American actor and physician

Bernard Punsly, also known as Bernard Punsley (July 11, 1923 – January 20, 2004) was an American actor and physician. He was the last surviving member of the Dead End Kids.

== Biography ==

=== Early life and acting career ===
Punsly was born on July 11, 1923, in New York City, the son of a tailor. He began his acting career at the age of eight in the play I Love An Actress. He was later cast as Milty in the Broadway play Dead End.

The success of the play led to Punsly and some of its child actors being cast in a 1937 film adaptation, Dead End. In the film, which portrayed the youths as victims of society.Punsly again played Milty. After that film he appeared in the Little Tough Guys series. His other films included Angels With Dirty Faces (1938), Little Tough Guy (1938) and Hell's Kitchen (1939). He played W.C. Fields' caddy in The Big Broadcast of 1938.

At his death, the Los Angeles Times recounted that Punsly "often played the innocent youth that got hooked up with the gang," and that off-camera he was considered the "good kid" among the actors.

The success of the led to the group appearing in a series of films that featured actors from the films.
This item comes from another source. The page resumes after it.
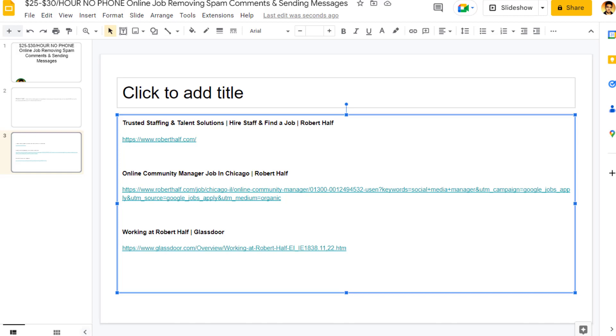Hey guys, in this video I'm going to show you a $20 to $30 an hour no phone online job. All you're doing is removing spam comments, reading messages, sending messages on social media and things like that.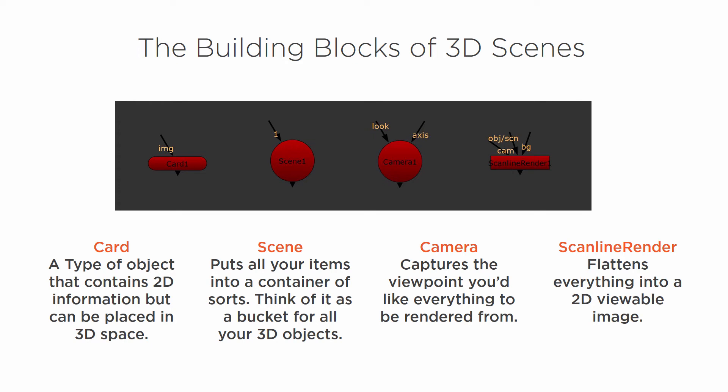And then you have the Scanline Render. This is a node that flattens everything into a 2D viewable image. So you can notice that all of these nodes here are round, and that means that they're 3D nodes. You got to go back to the square nodes, which mean that they're 2D nodes, to be able to actually start manipulating and using some of these things in 2D space again.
He went on to appear in 18 other films. During his career he worked with stars such as Ronald Reagan, James Cagney, Pat O'Brien, John Garfield, and Humphrey Bogart.

In 1994, Punsly appeared with the other last survivor of the Dead End Kids, Huntz Hall, in which the group received a star on the Hollywood Walk of Fame. Hall died in 1999.

=== After acting ===
Punsly left acting after his last film, Mug Town (1942), when other actors in the series went on to become the Bowery Boys. Punsly joined the U.S. Army in 1943. While serving in the Army Air Forces he received medical training.

Upon discharge from the Army, Punsly entered the Medical College of Georgia at the University of Georgia, obtaining his medical degree in 1949. He moved to Los Angeles and served and internship and residency at Los Angeles County Medical Center. He became an internist at Little Company of Mary Hospital. He became chief of staff at South Bay Hospital in Redondo Beach in 1971. He retired in 2002.

=== Personal life ===
Punsly married Marilyn "Lynne" Kufferman in 1950. He lived for many years in Palos Verdes Estates.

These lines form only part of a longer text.